These students, who did enrol in to colleges but quit halfway, are sometimes referred to as "some college, no degree."

Researchers believe that the finding can help policymakers and educators who are aiming to increase college completion rates in states like Louisiana, where just 38.8 percent of students at public four-year colleges graduate within six years, according to the Chronicle of Higher Education.

"We don't have any evidence that anything is getting worse in the United States," said Andreas Schleicher, head of the Indicators and Analysis Division of the OECD in Paris. "It is just that there is a great deal of dynamism all over the world, and many countries are catching up," Washington Post reports. 

For the report, the researchers analysed enrolment and degree records from the National Student Clearinghouse and found that nearly one-third of the "some college, no degree" population enrolled for a single semester at only one institution.

Students who were associated with at least two semester tenure at a college were categorised as a "non-traditional patterns," meaning, they either enrolled part time or at older ages.

The researchers also created a third and an important category called "potential completers". Students who completed two years of college education fall into this category. Around 4 million or 12 percent of the 31 million belonged to this potential graduate group.
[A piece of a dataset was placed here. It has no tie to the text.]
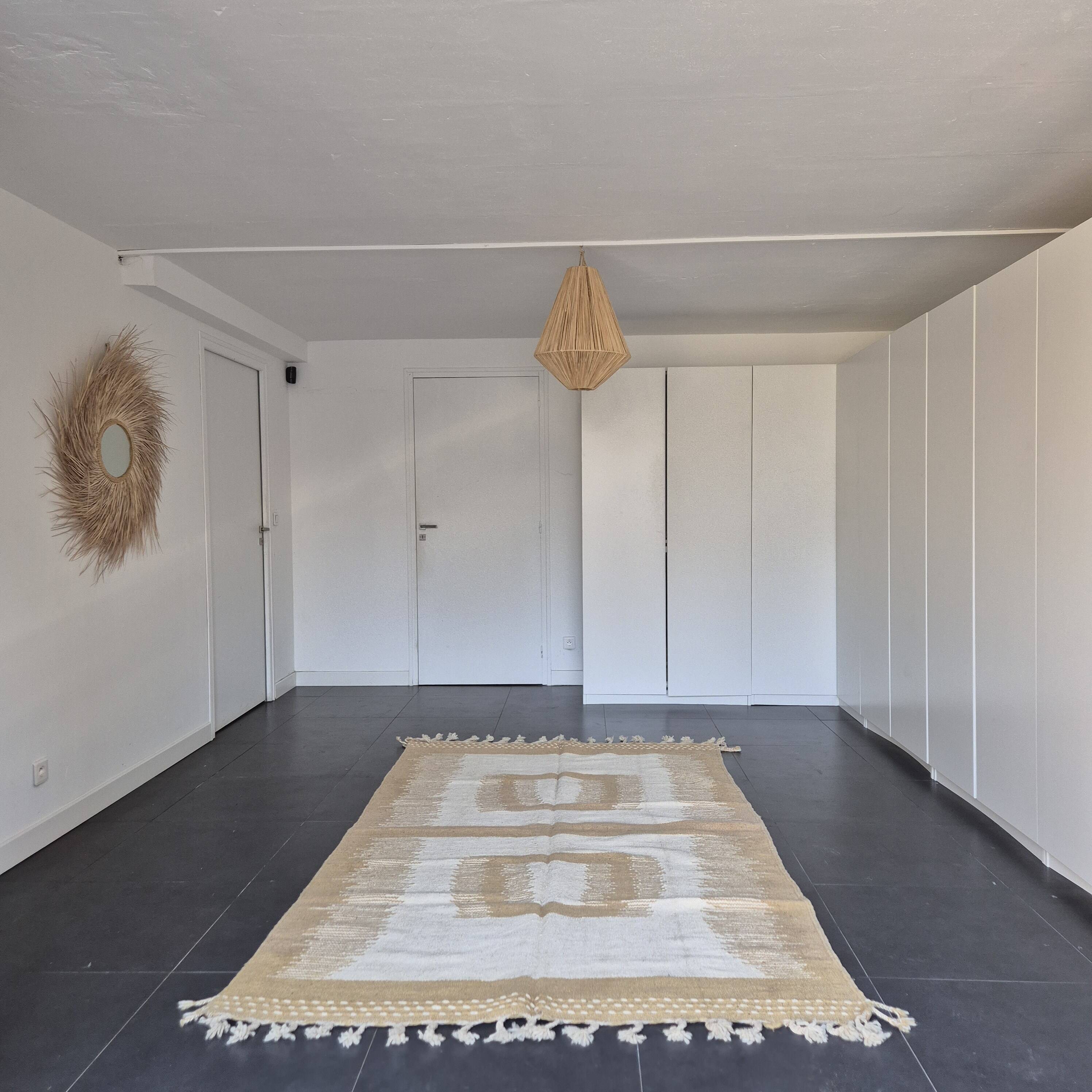 Berber kilim rug 150x260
The report also found that college graduates and potential graduates belonged to the same age groups. However, the potential graduates abandoned more often than graduates.
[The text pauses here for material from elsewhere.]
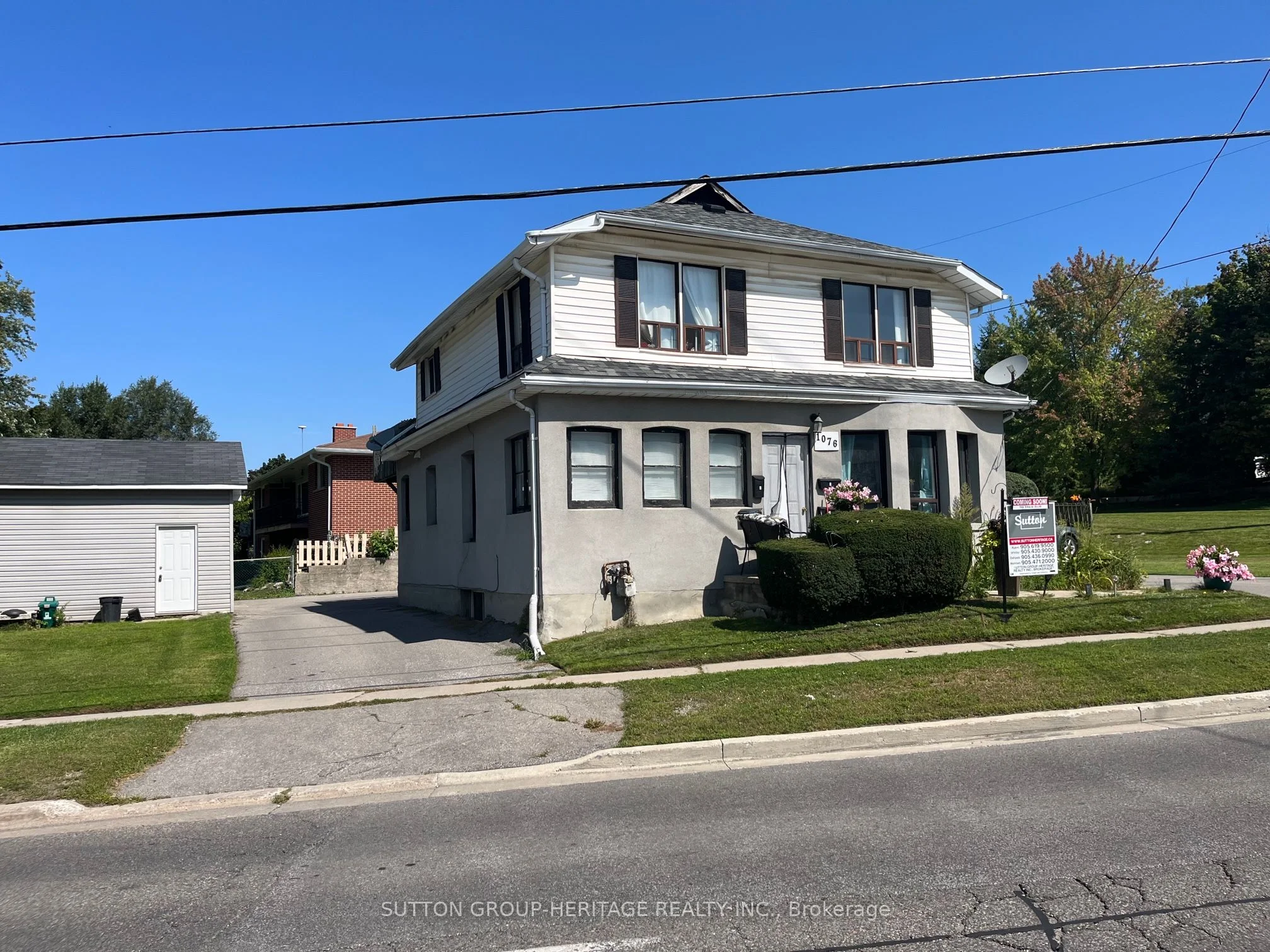 1076 King Street E, Oshawa, ON L1H 1H5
Doug Shapiro, an executive research director at the National Student Clearinghouse and one of the authors of the report, said that colleges should encourage adult learners to finish their education instead of solely focusing on high school students.

Referring to Obama's ambitious 60 percent goal, Shapiro said, "It's widely recognized that we can't reach that goal by just focusing on traditional aged kids coming out of high school," Nola reports.

The Obama administration aims to increase the number of adult degree-holders to 60 percent by 2020.The United States of America, which held the title of having the highest percentage of adults with college degrees in the world, has recently fallen to 16th.

"Every capable, hard-working, and responsible student should be able to afford to go to college. That's not a Democratic dream or a Republican one. It's the American Dream," Education Secretary Arne Duncan said in a statement.